__EXERCISE DATA__.
--------
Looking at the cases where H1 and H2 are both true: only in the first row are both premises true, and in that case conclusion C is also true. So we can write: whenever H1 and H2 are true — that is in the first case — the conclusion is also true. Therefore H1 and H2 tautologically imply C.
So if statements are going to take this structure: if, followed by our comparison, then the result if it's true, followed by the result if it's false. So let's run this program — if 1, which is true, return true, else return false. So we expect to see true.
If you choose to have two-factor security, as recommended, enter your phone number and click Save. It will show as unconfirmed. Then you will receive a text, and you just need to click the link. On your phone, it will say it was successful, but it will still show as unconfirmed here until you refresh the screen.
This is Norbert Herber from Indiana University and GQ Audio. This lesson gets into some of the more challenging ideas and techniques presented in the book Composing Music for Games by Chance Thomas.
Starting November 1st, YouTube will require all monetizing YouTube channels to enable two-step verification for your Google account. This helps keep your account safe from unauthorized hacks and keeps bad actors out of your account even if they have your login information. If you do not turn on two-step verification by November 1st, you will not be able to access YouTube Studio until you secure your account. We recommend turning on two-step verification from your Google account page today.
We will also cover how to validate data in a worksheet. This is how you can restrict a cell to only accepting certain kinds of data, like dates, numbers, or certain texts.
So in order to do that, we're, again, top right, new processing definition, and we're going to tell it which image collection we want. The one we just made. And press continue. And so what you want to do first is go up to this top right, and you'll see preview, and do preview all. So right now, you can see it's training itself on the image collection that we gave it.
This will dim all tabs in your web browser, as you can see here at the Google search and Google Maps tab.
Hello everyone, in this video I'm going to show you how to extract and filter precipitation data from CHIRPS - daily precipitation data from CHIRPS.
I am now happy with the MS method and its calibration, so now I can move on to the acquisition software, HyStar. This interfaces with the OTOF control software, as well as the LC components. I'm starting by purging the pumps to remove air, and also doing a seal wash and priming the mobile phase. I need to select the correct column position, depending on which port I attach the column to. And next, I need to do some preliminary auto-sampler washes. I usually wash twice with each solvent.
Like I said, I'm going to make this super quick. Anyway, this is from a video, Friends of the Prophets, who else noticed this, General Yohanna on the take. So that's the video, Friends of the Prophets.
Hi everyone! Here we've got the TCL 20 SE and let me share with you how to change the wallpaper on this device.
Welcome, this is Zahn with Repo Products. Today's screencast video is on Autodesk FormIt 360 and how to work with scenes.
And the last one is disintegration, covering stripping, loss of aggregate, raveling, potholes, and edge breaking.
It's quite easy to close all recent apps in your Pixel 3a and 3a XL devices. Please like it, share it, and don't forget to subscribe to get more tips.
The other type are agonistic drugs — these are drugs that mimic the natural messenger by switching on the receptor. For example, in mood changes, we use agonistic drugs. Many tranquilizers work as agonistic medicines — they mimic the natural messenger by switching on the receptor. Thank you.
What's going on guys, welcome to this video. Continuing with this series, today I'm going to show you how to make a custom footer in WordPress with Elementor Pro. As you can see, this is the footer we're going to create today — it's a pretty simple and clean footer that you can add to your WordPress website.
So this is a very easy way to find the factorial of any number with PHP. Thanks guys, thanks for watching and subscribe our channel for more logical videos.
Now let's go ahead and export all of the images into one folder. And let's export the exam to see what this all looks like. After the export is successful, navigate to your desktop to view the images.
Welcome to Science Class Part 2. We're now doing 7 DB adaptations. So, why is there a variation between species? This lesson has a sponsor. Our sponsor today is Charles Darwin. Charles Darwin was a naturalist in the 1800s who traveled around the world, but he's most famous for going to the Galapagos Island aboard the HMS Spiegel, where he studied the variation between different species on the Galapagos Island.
--------
__TASK DETAILS__. For the records above, count the lines holding the word "need" and give only that number.

__ANSWER SECTION__. 2